Question

If the letters of the word BRING are permuted in all the possible ways and the words thus formed are arranged as in dictionary order, then find the ${{59}^{th}}$ word.

Answer 1

Hint: First arrange the letters of the word BRING in alphabetical order. Find the number of words that can be formed by fixing the letter B. at first place now, in the next step find the number of words that can be formed by fixing the letter G at first place. Now fix the first two letters as IB and then find the number of possible words that can be formed. Now, by fixing IG as the first two letters find the ${{60}^{th}}$ word that will be formed and hence find the ${{59}^{th}}$ word by observing the arrangement of letters in the ${{60}^{th}}$ word.
Here we have been provided with the word BRING which is to be permuted in all the possible ways and the words are arranged in the order as present in the dictionary. We have to find the ${{59}^{th}}$ words.

Complete step by step answer:
Now first let us arrange the letters of this word in the alphabetical order. So, we have BRING as the word arranged with letters in the alphabetical; order. Therefore, BRING is the first word according to dictionary order.
Let us fix the B at first Place. So, we have four letters left which is to be arranged at four places so, we have,
$\begin{matrix}
   \begin{matrix}
   \begin{matrix}
   B & \_ \\
\end{matrix} & \_ \\
\end{matrix} & \_ & \_ \\
\end{matrix}$
Number of words that can be formed with first letters as $B=4!=24$
Now let us fix the letter G at first place. So, we have again four letters left which are to be arranged at four places. So, we have,
$\begin{matrix}
   \begin{matrix}
   \begin{matrix}
   G & \_ \\
\end{matrix} & \_ \\
\end{matrix} & \_ & \_ \\
\end{matrix}$
Number of words that can be formed with first letters as $G=4!=24$
Proceeding further, let us fix the first two letters of the word with IB. so, we have three letters left that are to be arranged at three places. Therefore, we get,
$\begin{matrix}
   \begin{matrix}
   \begin{matrix}
   I & B \\
\end{matrix} & \_ \\
\end{matrix} & \_ & \_ \\
\end{matrix}$
Number of words that can be formed with first letters as $IB=3!=6$
So, the total number of words formed till now $24+24+6=54$
We have to reach $59$, so let us move a step ahead.
Now let us fix the two letters of the word with IG. So, again we have three letters left that are to be arranged at three places. Therefore, we get,
$\begin{matrix}
   \begin{matrix}
   \begin{matrix}
   I & G \\
\end{matrix} & \_ \\
\end{matrix} & \_ & \_ \\
\end{matrix}$
Number of words that can be formed with first letters as $IB=3!=6$
Therefore, the total number of words now formed = $54+6=60$. So, according to the dictionary this ${{60}^{th}}$ word will be IGRNB.
Here in this word, we can see that the letter N appears before the letter B, so, in the ${{59}^{th}}$ word the letter B must have appeared before the letter N according to the dictionary.

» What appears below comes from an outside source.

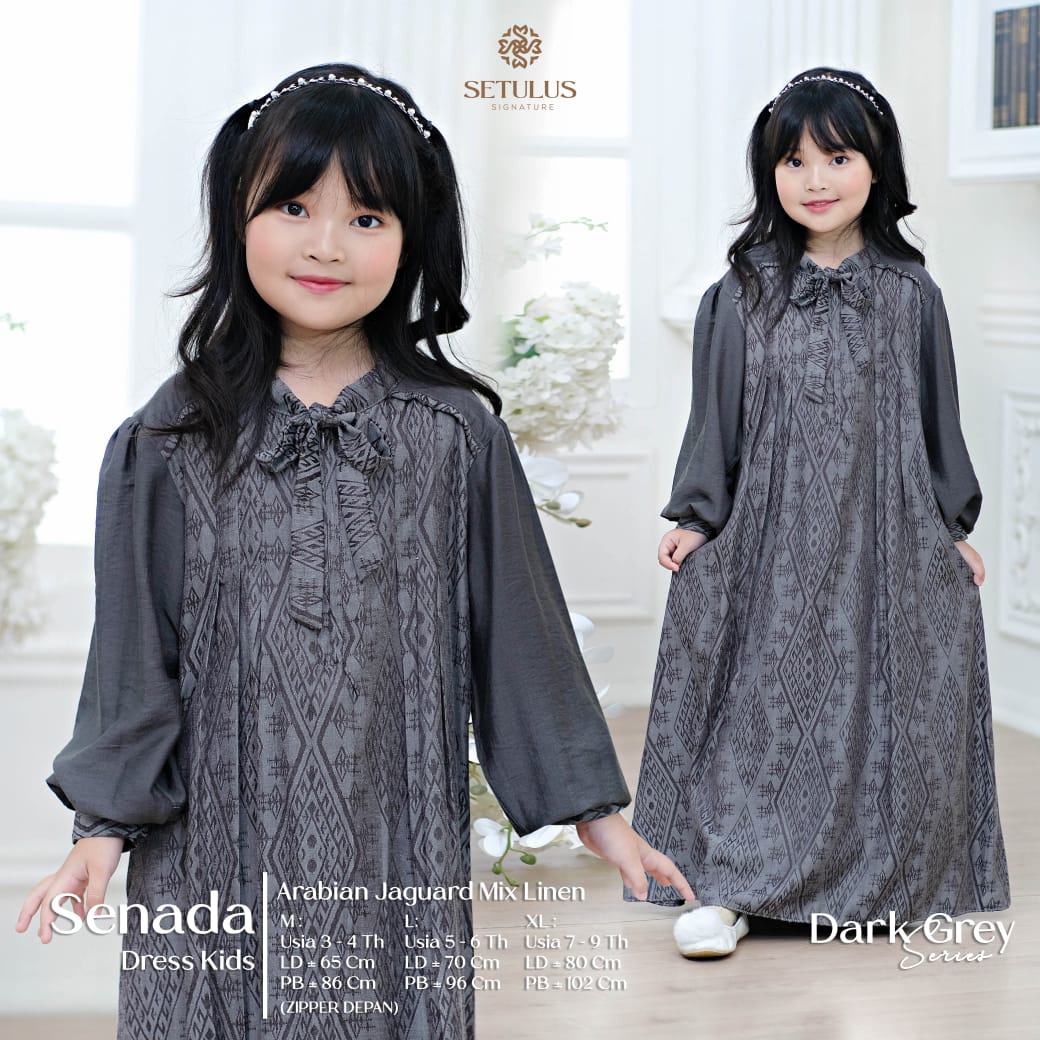 Dress Kids Dark Grey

Therefore, the ${{59}^{th}}$ word will be IGRBN, which is our answer.

Note: One may note that we have not considered all the words that can be formed with first letter as I because if we will do so then total number of words will become $72$ which will be of no use as we have to come back to ${{59}^{th}}$ word. You must proceed like we did in the above solution. Remember that sometimes we will be given with a formed word and we will be asked the rank of that word as arranged in the dictionary. In that case also we have to proceed with the similar process used in the above solution.